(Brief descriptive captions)
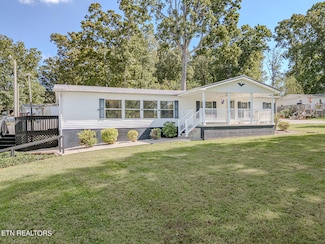 510 Green Hill Rd, Dandridge, TN 37725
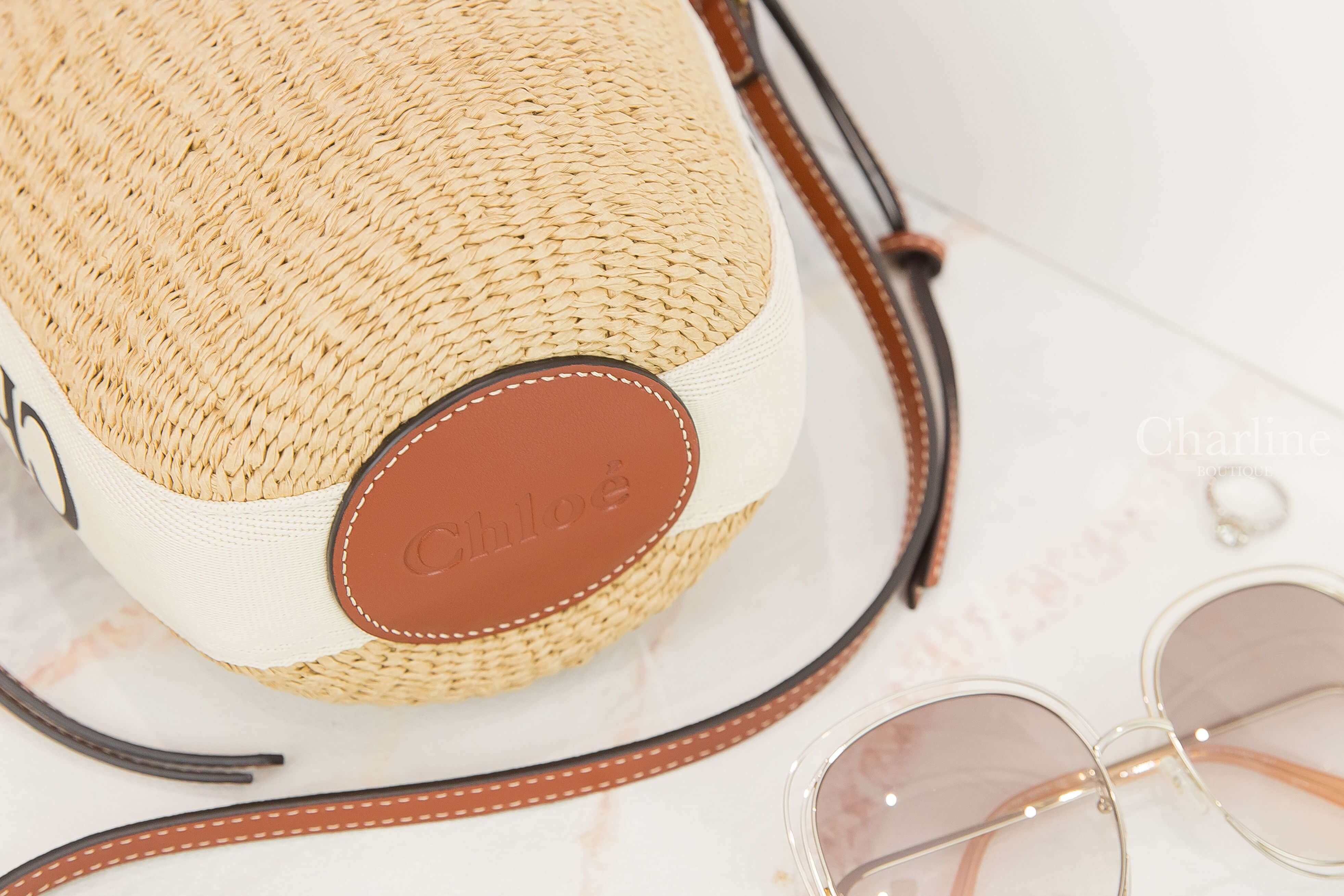 Chloe Small Woody Basket 米白色帆布黑Logo提把小型草編手提水桶肩背包-Charline Boutique 精品代購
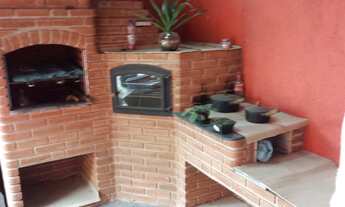 Imagem 2: Linda Chácara com 04 dormitórios sendo 01 suíte no Barro Branco - Ribeirão Pires - SP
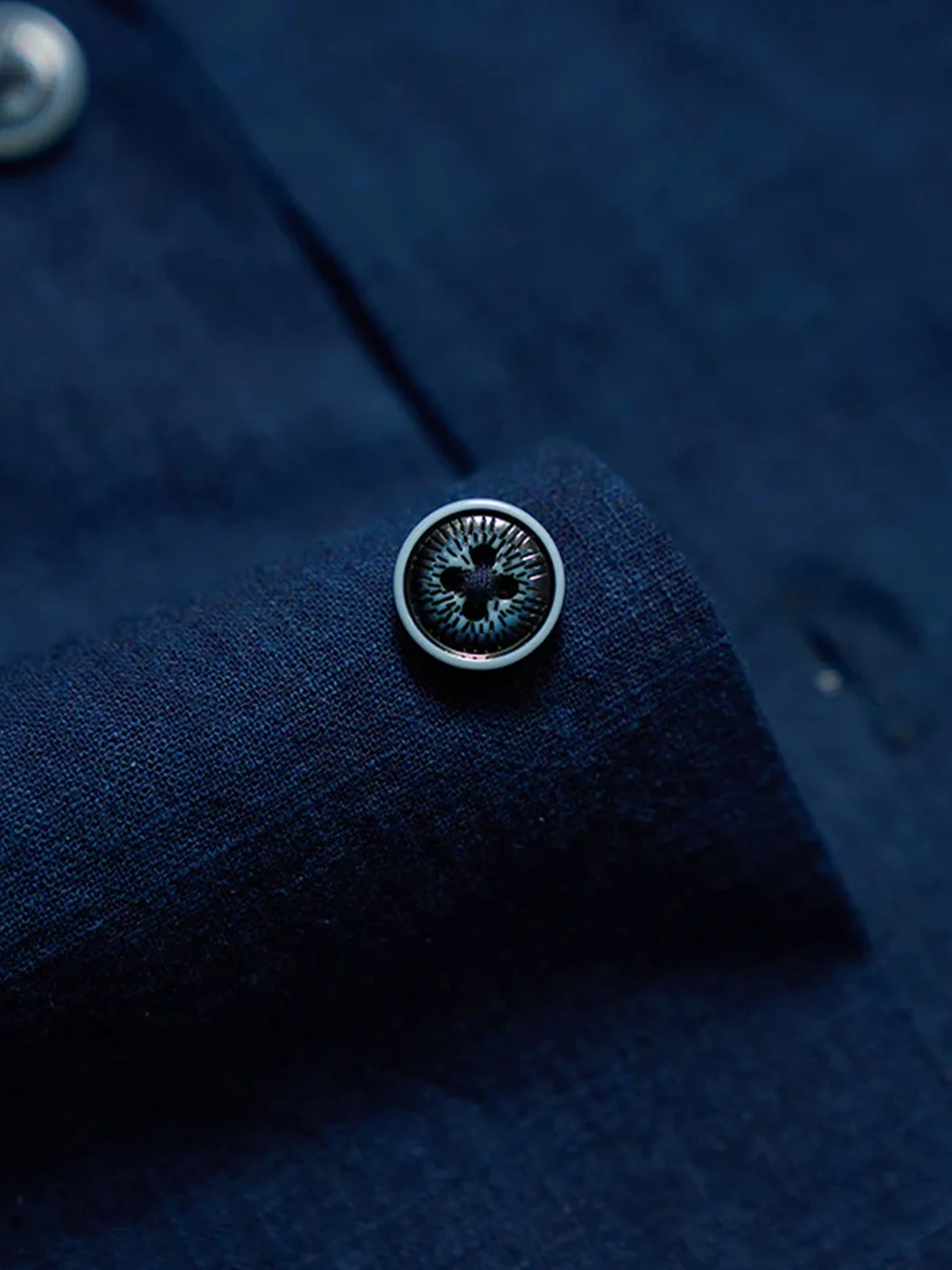 "Indigo-Dyed Series" Cotton-Linen Aloha Shirt with Toucan & Monstera Print - Image 9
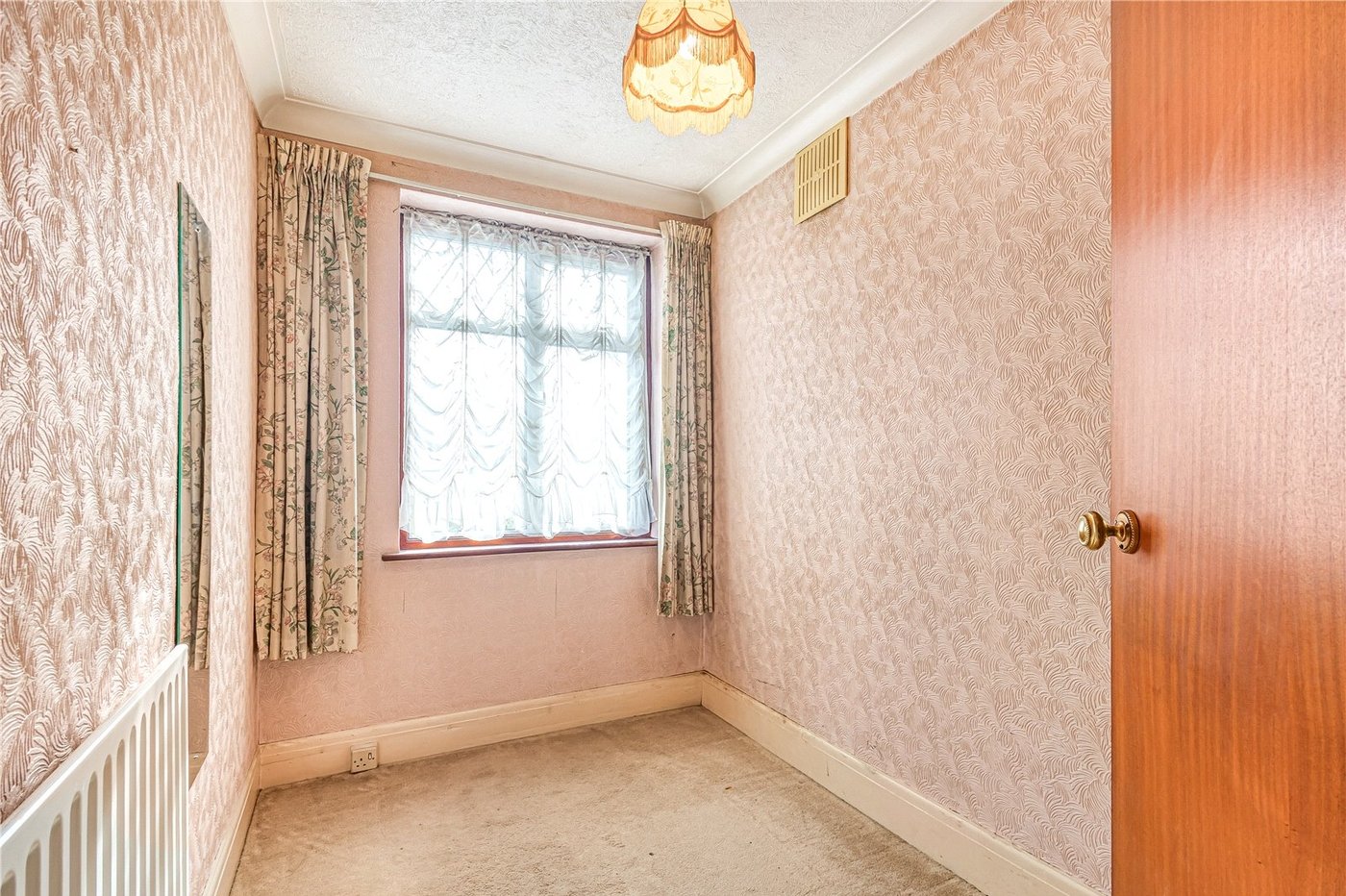 3 bedroom house for sale in Welling | Robinson Jackson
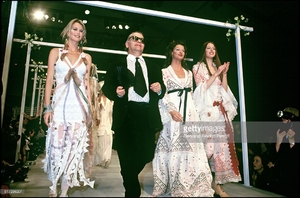 Claudia Schiffer, Karl Lagerfeld and Linda Evangelista - ready to wear fashion show spring summer 1993 collection in Paris.jpg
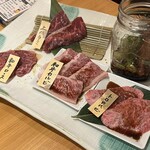 炭火焼肉 MEGUMI - Beef5種盛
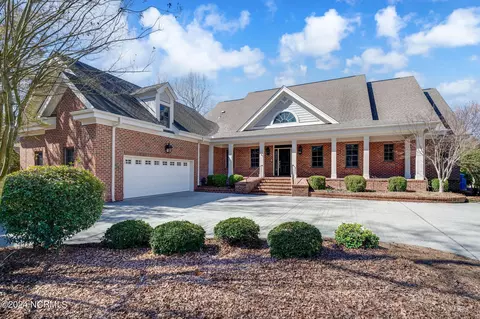 204 Maple Creek Dr, Wallace, NC 28466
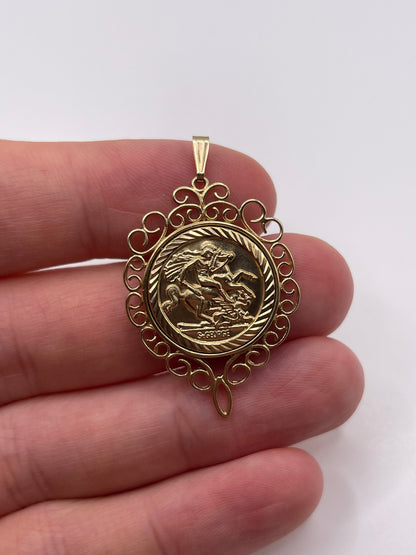 9ct gold St George medallion pendant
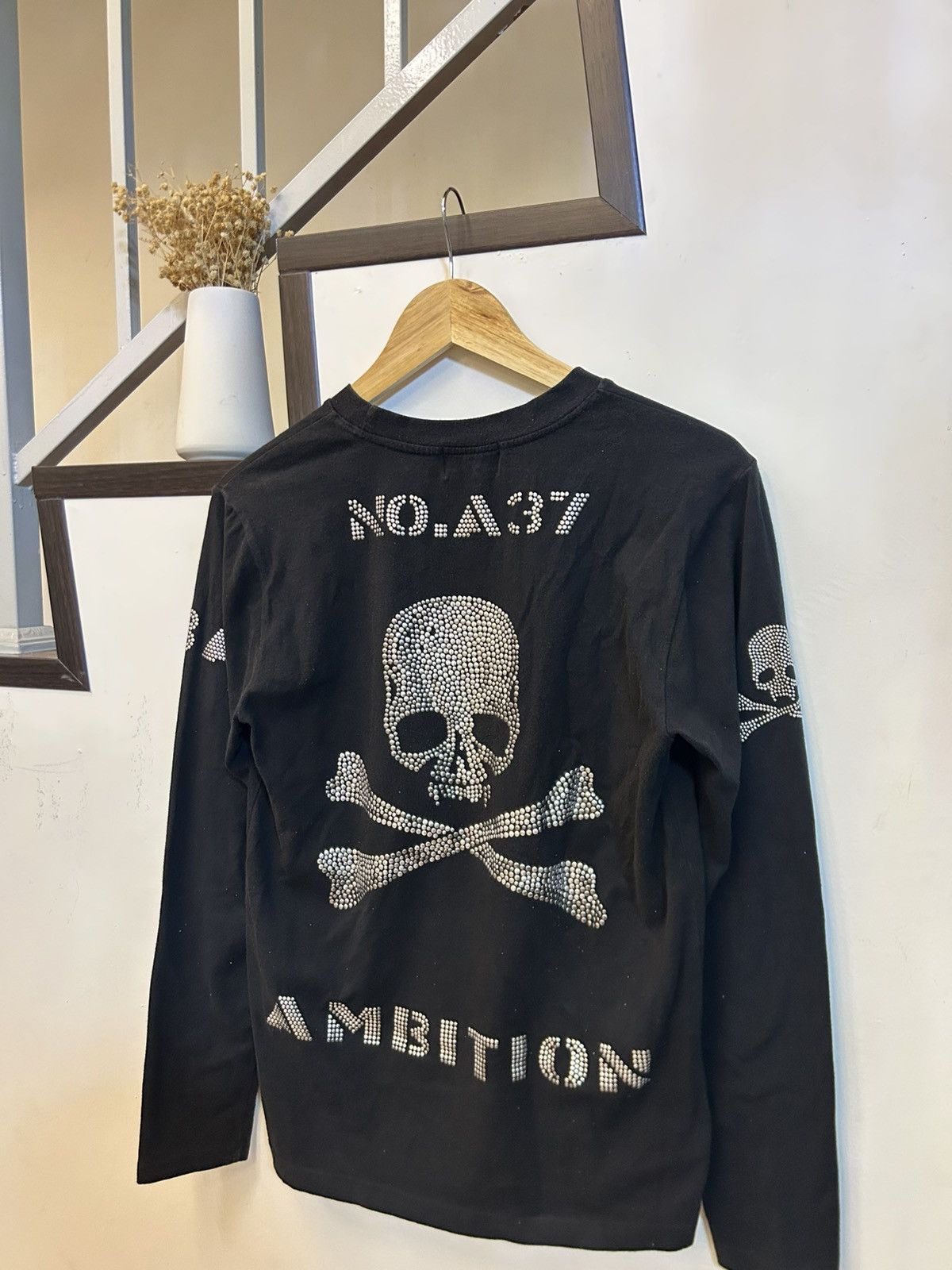 If Six Was Nine Be Ambition "Skull & Crossbones" Rhinestone Longsleeve Tee Size US M / EU 48-50 / 2 - 3 Thumbnail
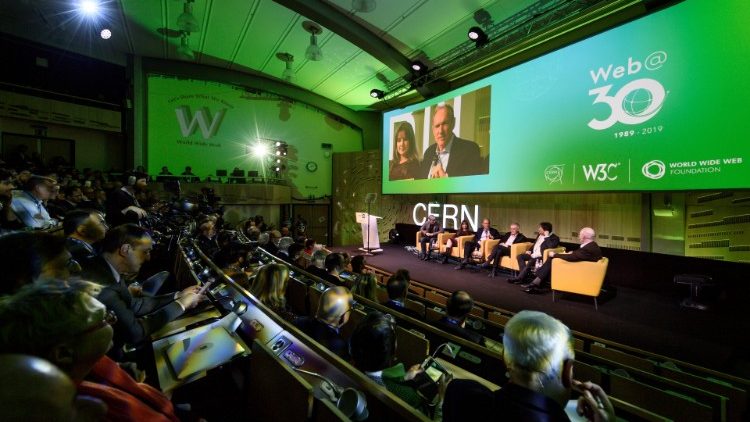 Tim Berners-Lee, der Erfinder des Internet, bei einem Auftritt 2019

● **TASK BRIEF**
Go through the entries above and output them exactly, without pictures.

● **TASK SOLUTION**
 510 Green Hill Rd, Dandridge, TN 37725
 Chloe Small Woody Basket 米白色帆布黑Logo提把小型草編手提水桶肩背包-Charline Boutique 精品代購
 Imagem 2: Linda Chácara com 04 dormitórios sendo 01 suíte no Barro Branco - Ribeirão Pires - SP
 "Indigo-Dyed Series" Cotton-Linen Aloha Shirt with Toucan & Monstera Print - Image 9
 3 bedroom house for sale in Welling | Robinson Jackson
 Claudia Schiffer, Karl Lagerfeld and Linda Evangelista - ready to wear fashion show spring summer 1993 collection in Paris.jpg
 炭火焼肉 MEGUMI - Beef5種盛
 204 Maple Creek Dr, Wallace, NC 28466
 9ct gold St George medallion pendant
 If Six Was Nine Be Ambition "Skull & Crossbones" Rhinestone Longsleeve Tee Size US M / EU 48-50 / 2 - 3 Thumbnail
 Tim Berners-Lee, der Erfinder des Internet, bei einem Auftritt 2019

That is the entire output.